“La mia operazione è quella di creare uno scuola 3.0, dove smartphone e strumenti digitali siano una leva per comprendere la realtà, infatti noi non utilizziamo solo i cellulari ma riflettiamo sul loro uso e su come trasformano le nostre esistenze. Ho proposto lo smartphone nello svolgimento di prove di filosofia ‘uniche’, attraverso l’uso di una piattaforma digitale”. Queste le parole di Tommaso Ariemma, professore al Liceo Scientifico “C. Miranda” di Frattamaggiore nella provincia di Napoli, già noto per i suoi esperimenti, fra cui il progetto di insegnare filosofia con le Serie TV, dando una sfumatura pop al suo metodo didattico. La posizione del giovane professore appare chiara: non demonizzare il contesto attuale, né la tecnologia per trasmettere una disciplina così tradizionale e, se vogliamo, austera come la filosofia.
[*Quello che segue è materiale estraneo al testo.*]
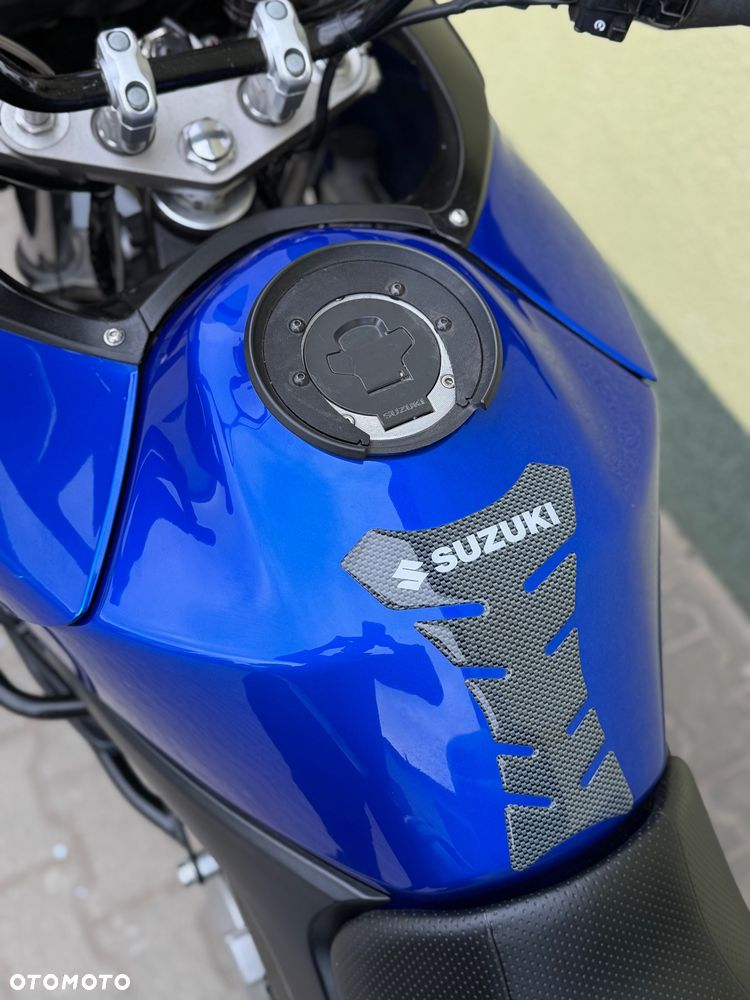 Suzuki DL - 35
Ma in cosa consiste il compito in classe di filosofia sullo smartphone?
Il progetto “Filosofia Smart” prevede la scelta dell’utilizzo di una piattaforma on-line per la verifica e il monitoraggio degli standard di apprendimento attraverso prove strutturate. Una modalità pratica per soddisfare quanto indicato nel Piano Nazionale della Scuola Digitale, in relazione al disciplinamento dell’utilizzo degli smartphone durante le attività didattiche. In questo senso l’esperimento mira al superamento della troppo drastica Direttiva del Ministero della Pubblica Istruzione, risalente al 2007, sulle linee di indirizzo e utilizzo di “telefoni cellulari” nelle scuole. I docenti dell’ambito didattico storico-filosofico si sono fatti promotori dell’iniziativa e nella giornata dell’8 novembre, hanno proposto una prova “smart”, interamente digitale.
La filosofia può essere smart? Sembrerebbe di sì
La prova è stata svolta in modo più che soddisfacente. Lo smartphone? Un ostacolo spesso per i docenti, ma che può diventare una risorsa formidabile. Io, ad esempio, l’ho usato finora per sensibilizzare gli studenti sui disturbi del comportamento alimentare, attraverso un uso strategico della fotocamera. Oppure facendo compilare suggestivi “diari della disconnessione”: per una settimana dovevano raccontare la loro vita senza i cellulari.